(Beginning of Working data)
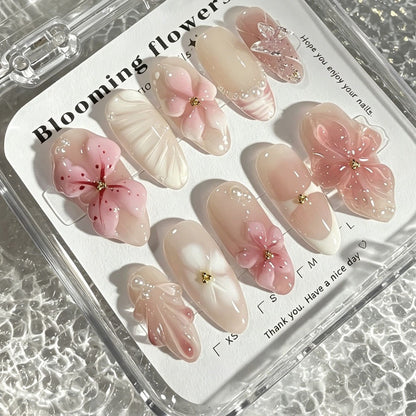 Kunstnagelset mit floralen Verzierungen und 3D-Akzenten Brehn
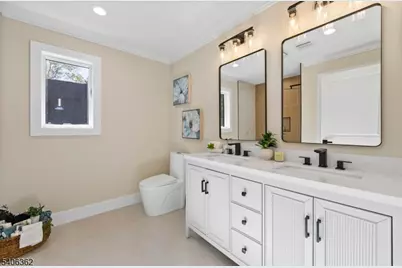 151 Little Falls Rd, Cedar Grove, NJ 07009 - Photo 27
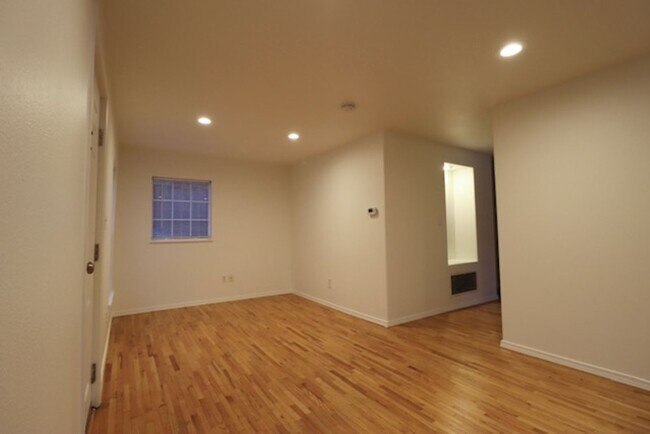 Foto del edificio - Ravenna Charmer!!’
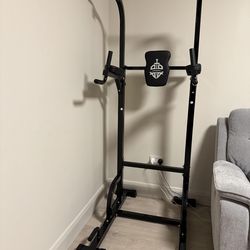 Pull up bar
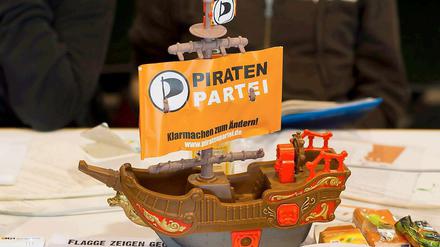Ein Spielzeugschiff mit dem Logo der Piratenpartei steht in Neumünster beim Bundesparteitag auf dem Tisch.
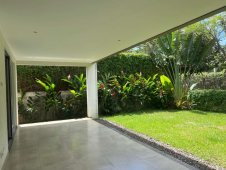 Casas en Escazú | Casa contemporánea en Guachipelín, Escazú – $550,000
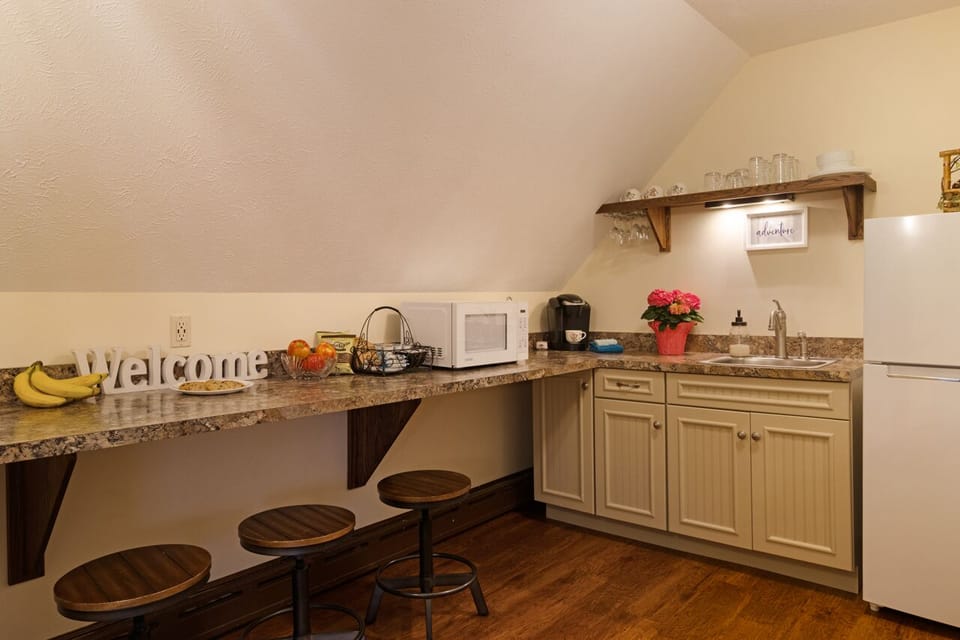 Breakfast bar.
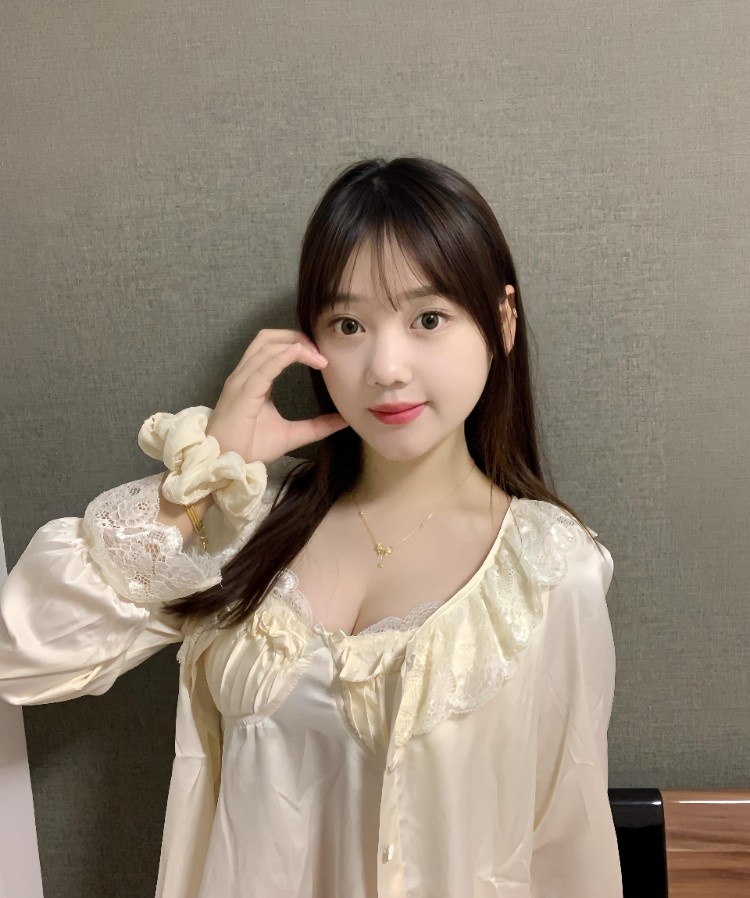 性价比高大胸妹
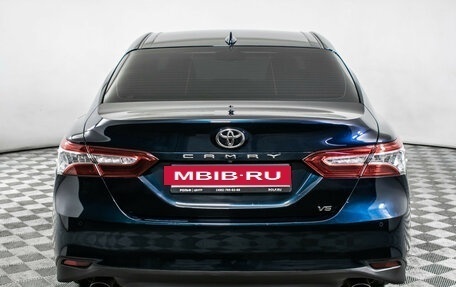 Toyota Camry, 2019 год, 2 870 000 рублей, 6 фотография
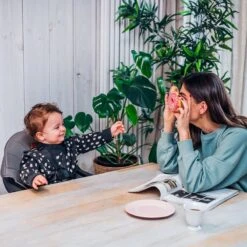 MoMi Kinderstoel Flovi - 3in1 Eetstoel Voor Kinderen - Donkergrijs -Babyproducten Promotie Winkel 1200x1200 3083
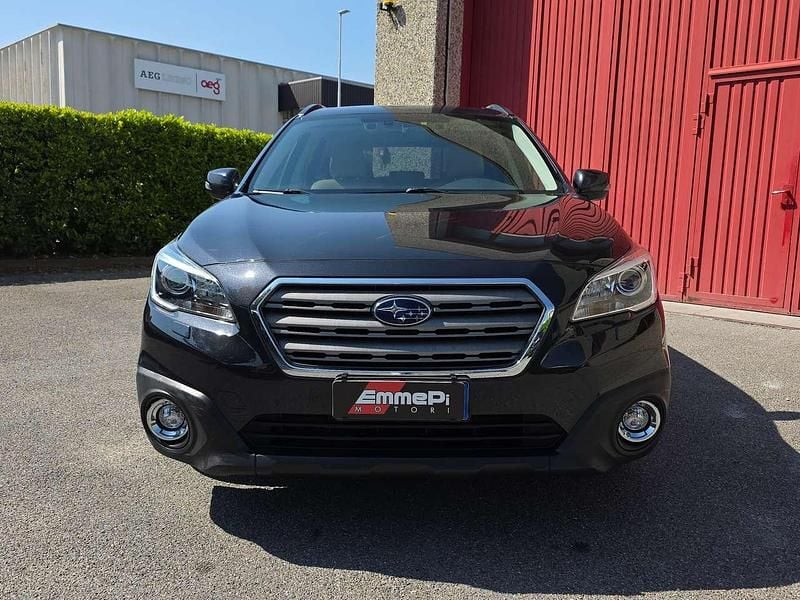 Usata Subaru Outback 175 CV (128 kW) 2015 Grigio Station wagon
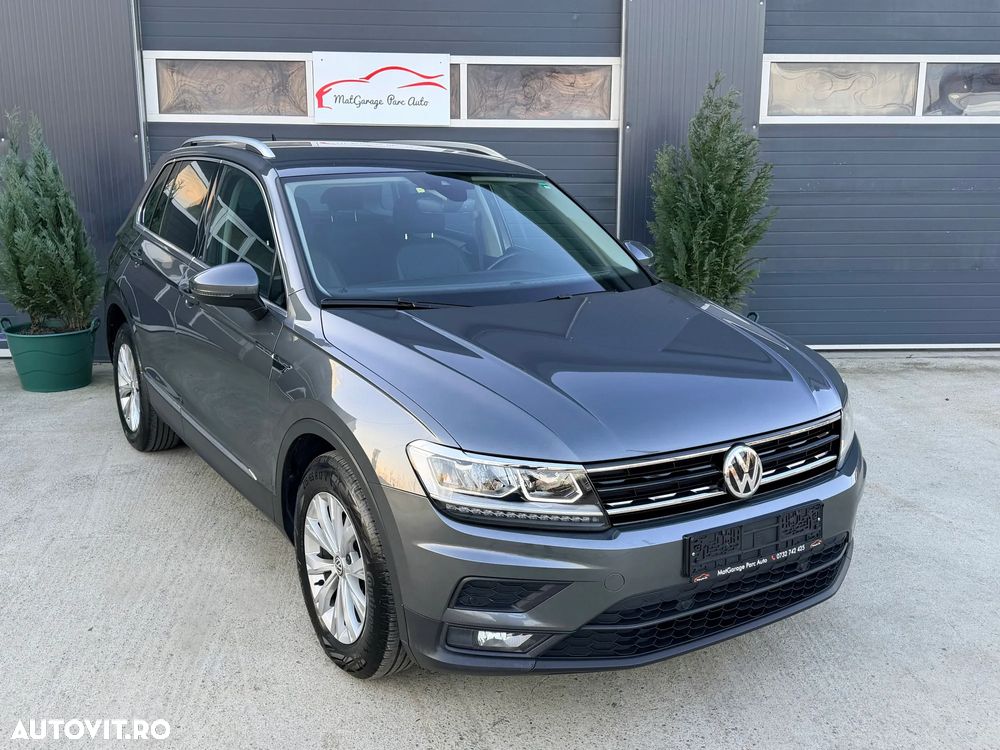 Volkswagen Tiguan - 1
(End of Working data)
[Description of the task]: The lines to copy run from the line containing "Casas en Escazú" through the end of the data above; copy exactly those, minus the pictures.

[Solution to this problem]:
 Casas en Escazú | Casa contemporánea en Guachipelín, Escazú – $550,000
 Breakfast bar.
 性价比高大胸妹
 Toyota Camry, 2019 год, 2 870 000 рублей, 6 фотография
 MoMi Kinderstoel Flovi - 3in1 Eetstoel Voor Kinderen - Donkergrijs -Babyproducten Promotie Winkel 1200x1200 3083
 Usata Subaru Outback 175 CV (128 kW) 2015 Grigio Station wagon
 Volkswagen Tiguan - 1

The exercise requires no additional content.